(Data excerpt begins)
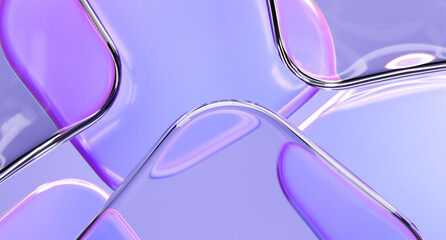 Poster - Glass shapes with colorful reflections composition. 3d rendering illustration.	
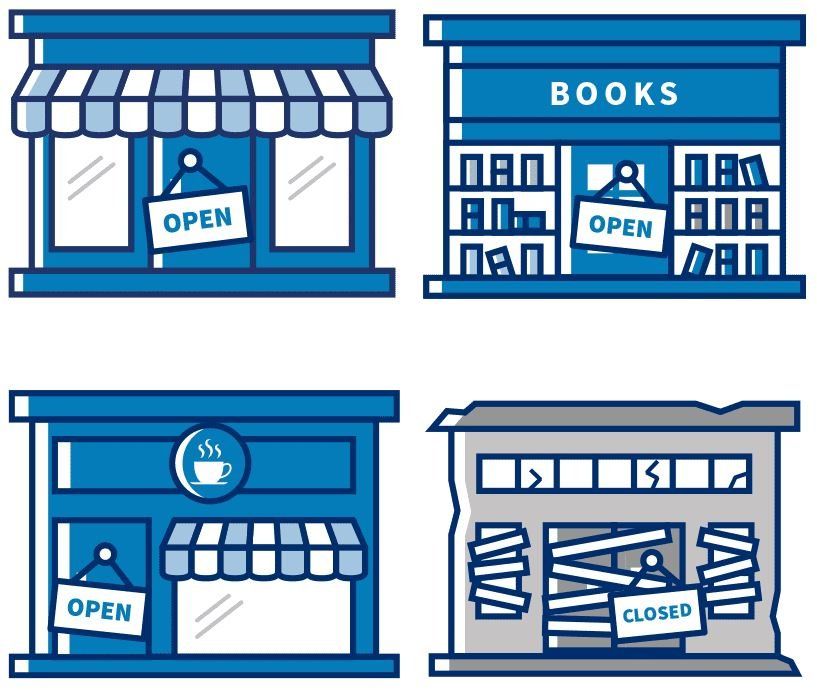 A cartoon illustration of a book store , a coffee shop , and a closed store.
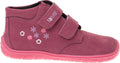 Fare Bare Kids Holeby Burgundy - Botines barefoot infantiles otoñales de cuero rosas  Cacles Barefoot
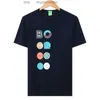 Camiseta de moda para hombre con estampado de letras, camiseta informal de verano con cuello redondo, Top transpirable multicolor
(Data excerpt ends)
#### What is needed:
Print out the whole listing word for word. Leave the pictures out.

#### Result:
 Poster - Glass shapes with colorful reflections composition. 3d rendering illustration.	
 A cartoon illustration of a book store , a coffee shop , and a closed store.
 Fare Bare Kids Holeby Burgundy - Botines barefoot infantiles otoñales de cuero rosas  Cacles Barefoot
 Camiseta de moda para hombre con estampado de letras, camiseta informal de verano con cuello redondo, Top transpirable multicolor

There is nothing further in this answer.